It was a great night, and all the pipers were so satisfied with their refreshment that they could not ask for more; and if pipers of the 51st are incapable of asking for another drink, then they are incapable indeed, and a loading party must turn out to place them gently in the lorries....
In the heavy heat of those long days it was easy to forget the war and the shadow of the battle, coming up wrathfully, like a thunderstorm. Little expeditions were as pleasurable as children's treats. The drowning of a bus driver at Merlimont Plage, where our gunnery school was among the dunes, gave me a swift run to the sea, and we called in at Boulogne "on the way back" for stores. Then there was always that old coaching hostelry at Hesdin, the Hôtel de France, which provided none too bad a dinner for those who were sick of the eternal roast-beef of the mess.
Finally, lest we should find life too monotonous, the new tank battalions were arriving from Bovington Camp in Dorset, which had always been held up to us in France as a very pattern of discipline, a haven of content, a perfect well of energy, a paradise where the senior officers and the tank engineers never thought of using any part or fitting of a tank, such as a clock, accumulators, or even a dynamo, for their own private purposes and the decoration of their huts. As for the depot at Wareham, we pictured it as a place where thoroughly nice young officers spent laborious days and nights in fitting themselves for the noble tasks before them. Certainly these new battalions were beautiful to look upon. Their uniforms were new, they saluted smartly, and by a stupid and tactless blunder they were wearing on their sleeves the famous badge, representing a tank, which we had waited for so long.
I shall never cease to wonder at the patience of the British soldier. Here were four battalions of veteran volunteers, who, after they had spent hot and weary weeks removing vast dumps and erecting multitudinous huts, were given the privilege of watching these immaculate recruits, of whom many were conscripts, swaggering with their tank badges. I do not pretend that the course of the war was changed by this incident, and I do not wish for one moment to insinuate that these new battalions did not very soon prove themselves worthy of any badge. It was, however, a pity that when there were not enough badges to go round, the men who had fought and volunteered were left badgeless. The badge at once became a thing without value, just as later the savour of the 1914 Star disappeared when fighting men first saw the ribbon on the chests of clerks at Boulogne. In any war there must always be some jealousy between men who fight and men who do safe though indispensable work behind the lines, between men who have borne the heat and burden of the day and those newly out from home. Unfortunately these little jealousies were often accentuated by such blunders, and the fighting man felt that he was neglected. A baker and a bomber received the same medal, and the appalling state of the leave-trains was always attributed to the fact that the staff, who went on leave with such tactless regularity, travelled to the coast by motor-car.

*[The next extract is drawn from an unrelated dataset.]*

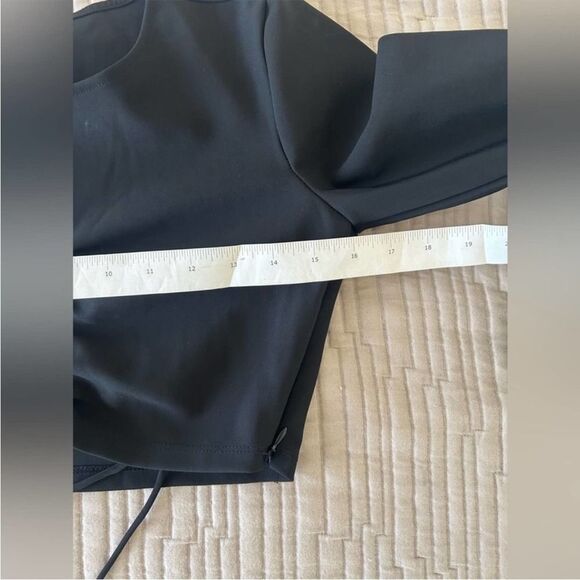 Zara EUC Tech Cropped Top Black Size S Long Sleeve Athletic Sporty Ties - Picture 5 of 7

It was good to see Hamond, who had come back to France again in command of a company of "F" battalion, to plumb once more the depths of his vocabulary, and to hear his frank criticism of those set in authority. But the comments of these new-comers, or rather in Hamond's case, these returned wanderers, led us to doubt whether after all Bovington Camp was a better place than Humières.
So June passed in rich sunshine—all those glorious fighting days were wasted. The order came for us to draw new tanks, and we began to hurry our preparations for the most ghastly of all battles, the third battle of Ypres, in which the wounded fell into pits of slimy water and drowned slowly, screaming to their comrades for help, and the tanks, sticking in the mud and sinking sometimes till they were swallowed up, were compelled at last to fight precariously from destroyed roads.
[CHAPTER VII.]
THE THIRD BATTLE OF YPRES—PREPARATIONS.
(July 1917.)
We had begun the year in confident anticipation of a "great battle," which was to give the enemy such a handsome blow that he would go reeling back towards his frontiers, and in the winter either ask for peace or lick his sores, until in the spring-time, with a concentration of every man and gun, we would crush him once and for all. Before Arras optimists had hoped that we might make an end of things that season, but the rumours abroad of delay in preparations, of the too slow provision of material and men, and of the breaking-up of the Russian Armies, sobered our prophecies. Even with the great battle to which we pinned our faith, we should want another year. After Arras we were a little crestfallen: the second act of that battle had been so obviously a failure, and the grand attack of the French—a victory until it was fought—made curiously little progress. The taking of the Messines Ridge was encouraging, and for a time we cast covetous eyes on Lille; but, thinking it over, we began to rate Messines at its true value—a very notable but local success.